- Genre: Drama documentary
- Written by: Ken Russell Huw Wheldon
- Directed by: Ken Russell
- Starring: George McGrath Peter Brett Rowena Gregory
- Country of origin: United Kingdom
- Original language: English

Production
- Producer: Humphrey Burton
- Camera setup: Ken Higgins
- Running time: 56 minutes

Original release
- Network: BBC
- Release: 11 November 1962

= Elgar (film) =

Elgar is a British drama documentary made in 1962 by the British director Ken Russell for BBC Television's Monitor series. It dramatised in vigorous style the life of the English composer Sir Edward Elgar.

The film established Russell as a directorial talent, and spawned a series of dramatised biographies of composers by Russell, both for television and theatrical release. Elgar helped to revive the reputation of the composer's work.

In the words of one writer, the film "marks the debut of both a great and original visual stylist (Russell) and the first use of techniques that have since become almost commonplace in the realm of documentary filmmaking."

The film was narrated by Huw Wheldon.
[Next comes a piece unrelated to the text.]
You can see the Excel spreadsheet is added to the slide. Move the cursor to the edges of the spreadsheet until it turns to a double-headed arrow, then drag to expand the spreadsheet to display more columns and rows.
The British Film Institute selected it as one of the 100 Greatest British Television Programmes.

==Cast==
- George McGrath (Sir Edward Elgar)
- Peter Brett (Mr Elgar)
- Rowena Gregory (Mrs Elgar)
- Louisa Nicholas (Elgar's daughter)

==Reception==
The acclaim led to Russell being offered his first feature French Dressing. It also prompted a revival in interest in Elgar's work, leading to albums being released.

By 1966, it was being called "a classic of television which time will not touch."
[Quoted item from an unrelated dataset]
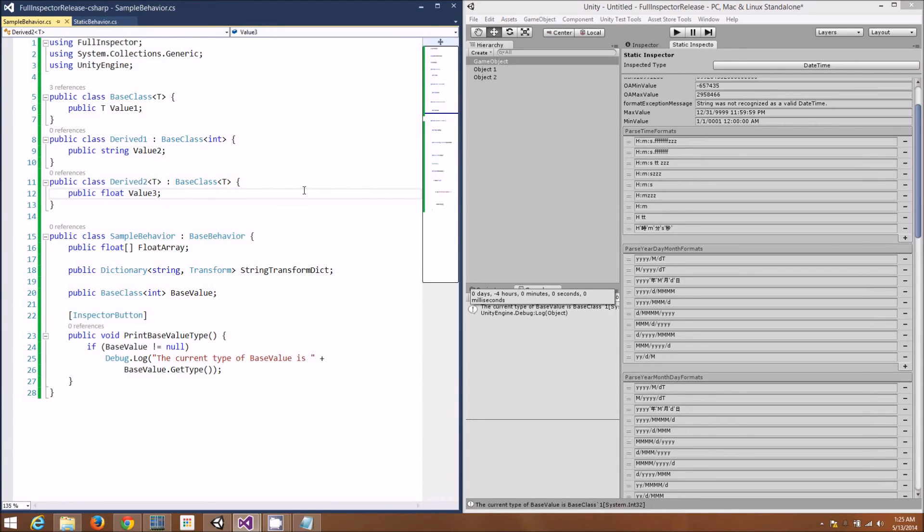There's a full demo available for Full Inspector, which includes every single feature. There are only two limitations: one, Unity is going to error out when trying to publish a build, and two, you don't have access to the full source code.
In 1995, a contributor to The Globe and Mail wrote:
What is singularly striking about Elgar is how beautifully photographed and composed it is. Though shot in black and white, the use of light and the brilliant blending of images and glorious music makes most of what we are used to seeing on the tube and (movie screen) seem flat and unimaginative. Russell's training and previous work as a photographer is shown to great advantage in this exquisite film. He also pioneers the use of actors, without dialogue and with minimal narration, to create a "new" form, a cinematic hybrid utilizing the most powerful aspects of several artistic forms: film, music, biography, television and photography.
Reviewing the production in 2011, The New Yorker commented: "most of it is glorious, with reënactment scenes that might easily have tipped into Monty Python territory redeemed by their intimate connection to the musical excerpts on the soundtrack. This is because Russell, like no other filmmaker, has an essential insight into what goes into a composer’s life, strung between play and work, dreaming and drudgery."